---- Task input
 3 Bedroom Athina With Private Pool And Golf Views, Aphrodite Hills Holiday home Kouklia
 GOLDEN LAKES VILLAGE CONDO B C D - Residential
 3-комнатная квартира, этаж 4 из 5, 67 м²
--------
---- Task input
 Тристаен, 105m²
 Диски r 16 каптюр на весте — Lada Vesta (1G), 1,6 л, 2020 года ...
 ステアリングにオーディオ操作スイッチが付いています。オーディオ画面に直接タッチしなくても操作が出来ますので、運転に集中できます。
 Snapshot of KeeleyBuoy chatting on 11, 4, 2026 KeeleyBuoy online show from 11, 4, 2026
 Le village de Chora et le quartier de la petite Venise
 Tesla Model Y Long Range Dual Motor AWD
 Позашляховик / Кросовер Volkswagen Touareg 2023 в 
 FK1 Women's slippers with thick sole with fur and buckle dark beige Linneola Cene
--------
---- Task input
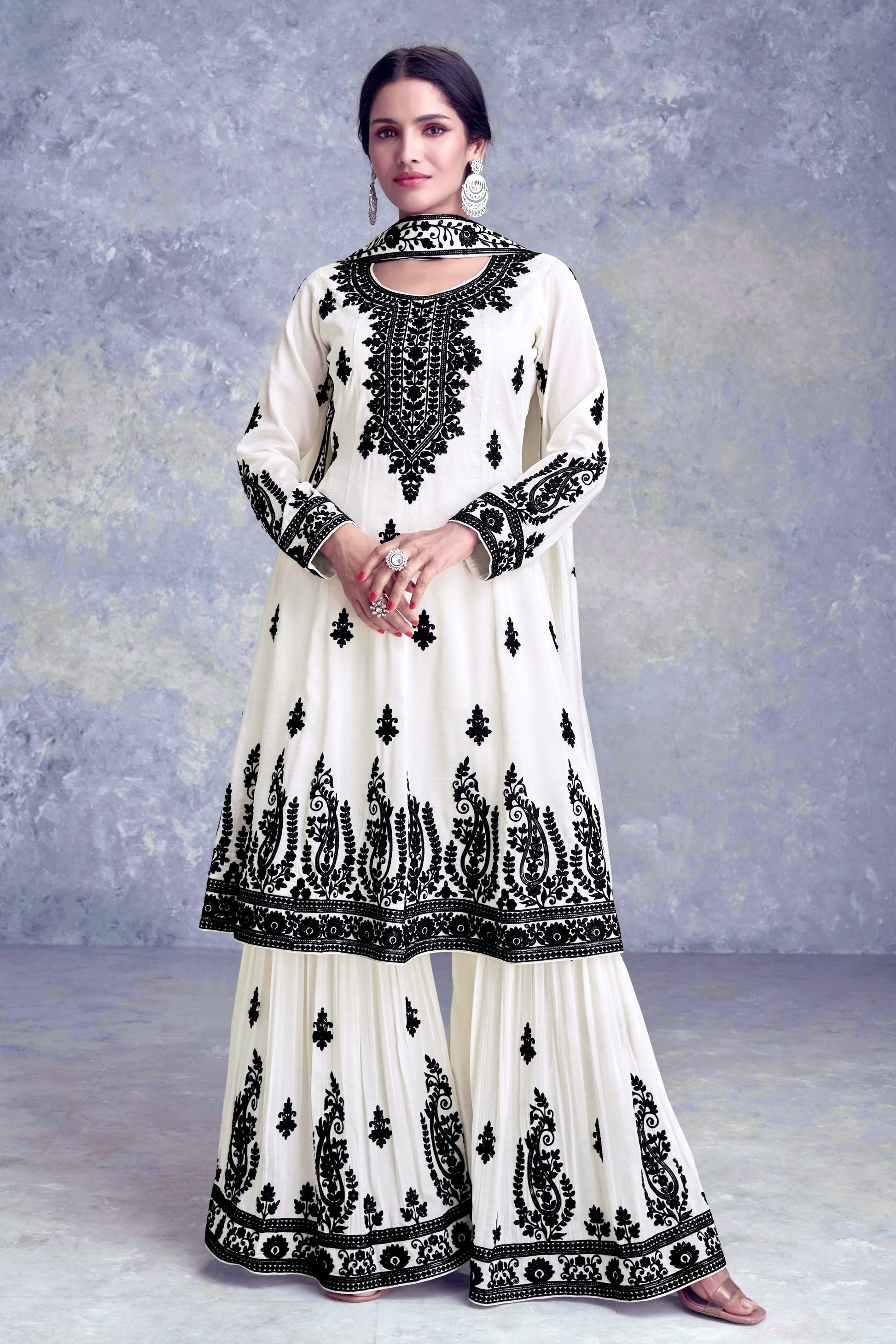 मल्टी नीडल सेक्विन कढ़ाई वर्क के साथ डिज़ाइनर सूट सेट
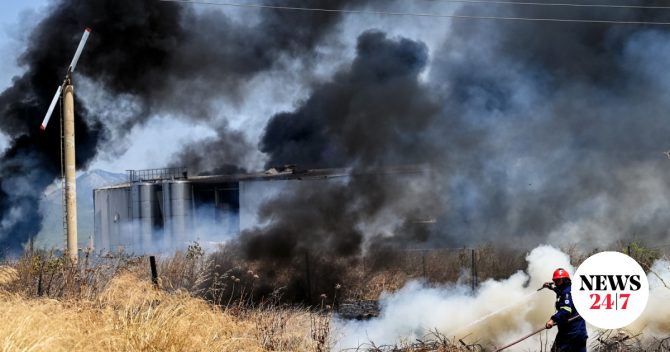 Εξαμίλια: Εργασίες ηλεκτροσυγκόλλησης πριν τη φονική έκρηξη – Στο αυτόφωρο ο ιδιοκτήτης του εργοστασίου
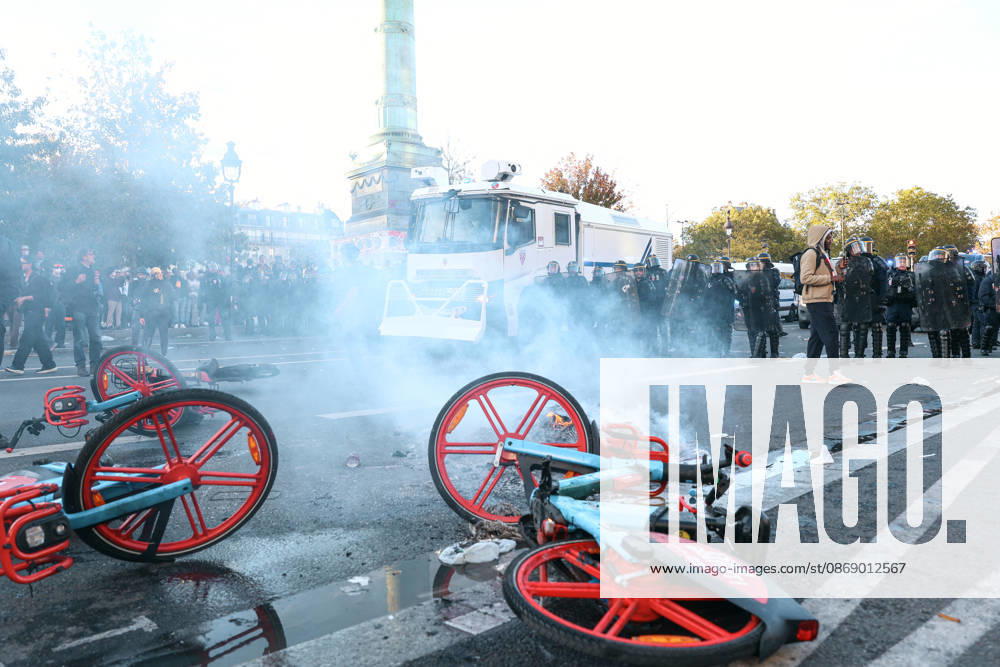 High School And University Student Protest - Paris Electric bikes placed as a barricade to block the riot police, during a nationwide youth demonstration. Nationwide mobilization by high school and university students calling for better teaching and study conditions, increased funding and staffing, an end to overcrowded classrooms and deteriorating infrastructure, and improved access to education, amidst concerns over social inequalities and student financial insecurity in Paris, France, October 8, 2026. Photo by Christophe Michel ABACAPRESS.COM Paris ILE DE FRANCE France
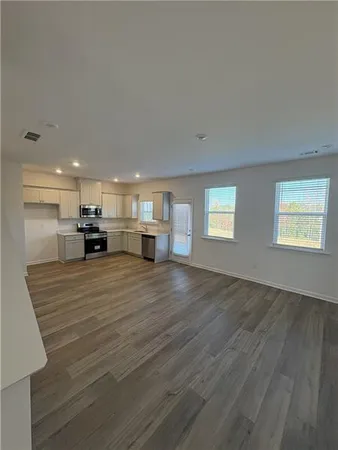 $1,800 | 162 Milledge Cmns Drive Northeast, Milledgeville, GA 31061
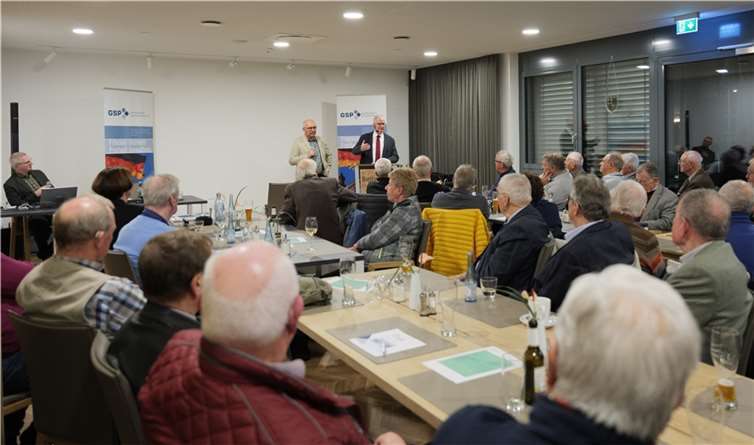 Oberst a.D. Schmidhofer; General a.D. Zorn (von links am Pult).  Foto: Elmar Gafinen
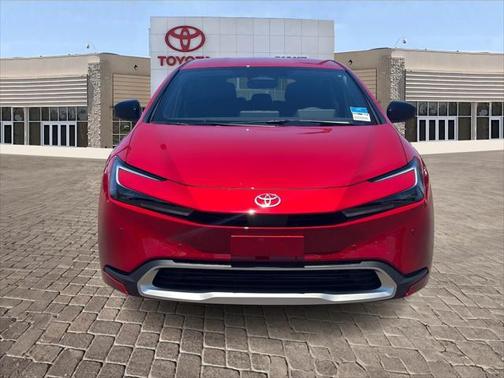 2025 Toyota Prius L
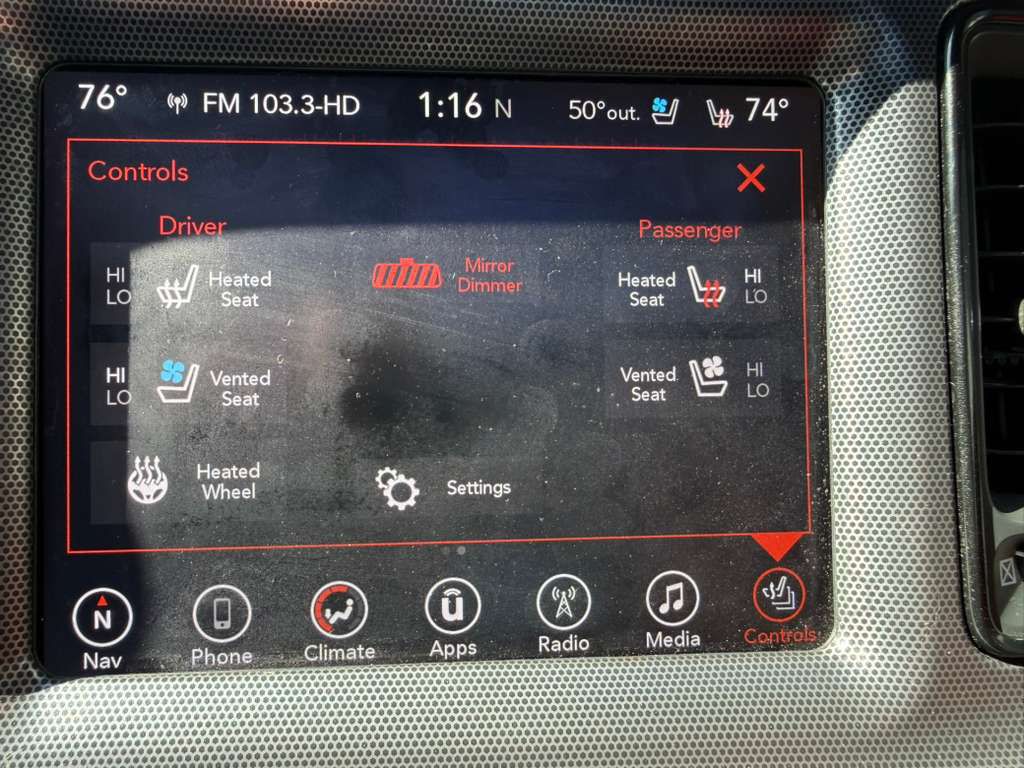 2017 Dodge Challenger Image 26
--------
### What needs to be done
Retype the entries above exactly, but only from the line containing "Snapshot of KeeleyBuoy" through the line containing "FK1 Women's slippers", both included.

### Written reply
 Snapshot of KeeleyBuoy chatting on 11, 4, 2026 KeeleyBuoy online show from 11, 4, 2026
 Le village de Chora et le quartier de la petite Venise
 Tesla Model Y Long Range Dual Motor AWD
 Позашляховик / Кросовер Volkswagen Touareg 2023 в 
 FK1 Women's slippers with thick sole with fur and buckle dark beige Linneola Cene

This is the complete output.